A concise hiring analyst.

🧠
Brain

Reasoning about role fit.

Building
🧾
Extractor

extract_from_page pulls role facts.

Building
📖
Reader

scrape_page returns page text.

Result
📌
Brief

Role summary and next steps.

From Page Content to Business Action

A job posting is not just text. It contains requirements, seniority signals, team priorities, and hidden hints about the hiring process. extract_from_page is best when you need fields. scrape_page is best when you want the agent to read the page and write a more flexible brief.

Setup your environment

Create a console app and install the packages that connect Agent Framework, OpenAI-compatible chat, and ScrapeGraphAI tools.

📋 Pre-flight Checklist

  • 🛠️ .NET 10.0 SDK (or later) installed.
  • 🤖 AI Provider: An OpenAI-compatible endpoint such as LM Studio, Ollama, OpenAI, or a compatible hosted service.
  • 🔑 ScrapeGraphAI: A valid SGAI_API_KEY for web scraping and extraction.
  • 🌐 Job URL: A public job posting page you are allowed to access.

1 Create the project

Open your terminal and create a new console application:

dotnet new console -n ScrapeGraphAI.JobPageParser -f net10.0
cd ScrapeGraphAI.JobPageParser

2 Install packages

Install the ScrapeGraphAI Agent Framework integration, the OpenAI-compatible Agent Framework bridge, and the supporting configuration packages.

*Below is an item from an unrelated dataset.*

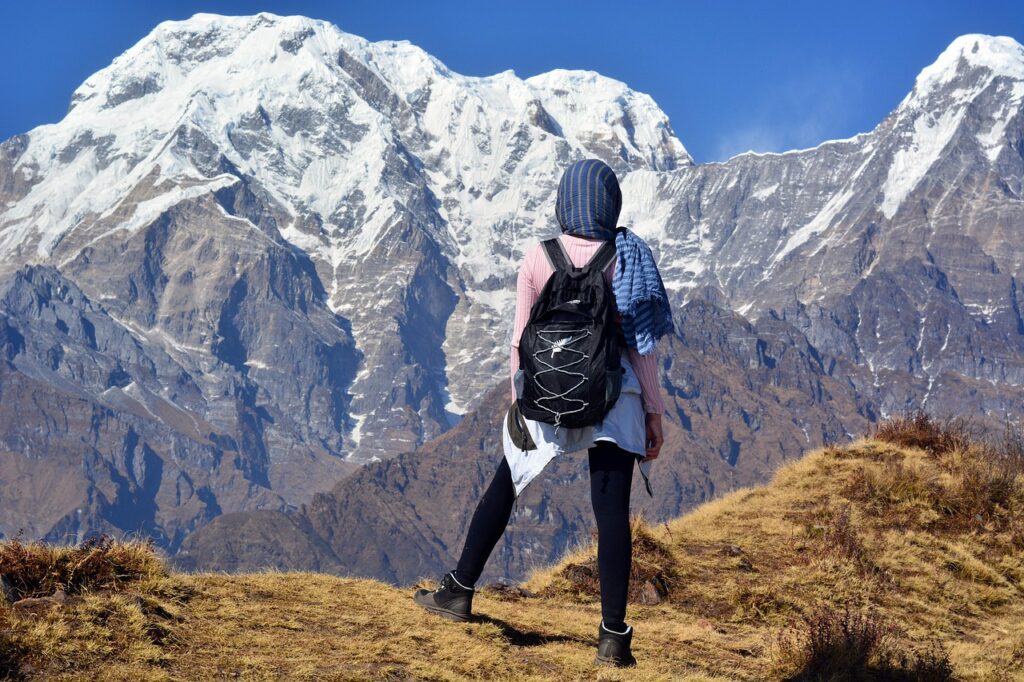 himalaya, nepal, woman-4039495.jpg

dotnet add package ScrapeGraphAI.AgentFramework --version 1.0.0
dotnet add package Microsoft.Agents.AI.OpenAI
dotnet add package Microsoft.Extensions.Configuration
dotnet add package Microsoft.Extensions.DependencyInjection
dotnet add package Microsoft.Extensions.Logging.Console
dotnet add package OpenAI
dotnet restore
Package Anatomy
🛠️ScrapeGraphAI.AgentFramework

Registers ScrapeGraphAI web, scrape, extract, crawl, monitor, history, health, and credit tools as Agent Framework AITool instances.

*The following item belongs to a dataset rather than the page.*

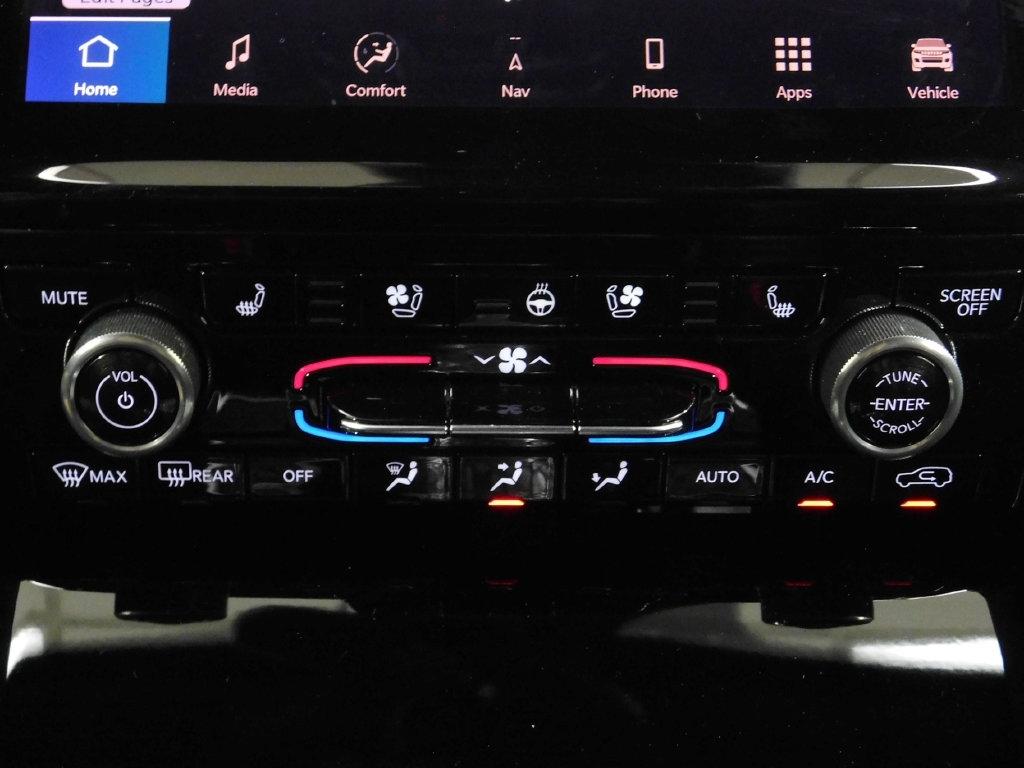 Jeep Grand Cherokee Overland 4WD 2024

🔌Microsoft.Agents.AI.OpenAI

Provides the Agent Framework OpenAI integration and the AsAIAgent extension used to build the agent.

🤖OpenAI

Creates an OpenAI-compatible chat client. This works with local endpoints such as LM Studio as well as hosted compatible services.

3 Configure credentials

Before setting environment variables, get your ScrapeGraphAI API key from the dashboard.

Get your ScrapeGraphAI API key

  1. Sign in to the ScrapeGraphAI dashboard.
  2. Open Settings.
  3. Copy the API key from the API Key section.
  4. Store it in an environment variable named SGAI_API_KEY.

The official docs describe the same flow in Managing your API keys. Keep the key server-side, never commit it to source control, and rotate it from Settings if it is exposed.

Set the ScrapeGraphAI key and your OpenAI-compatible chat endpoint.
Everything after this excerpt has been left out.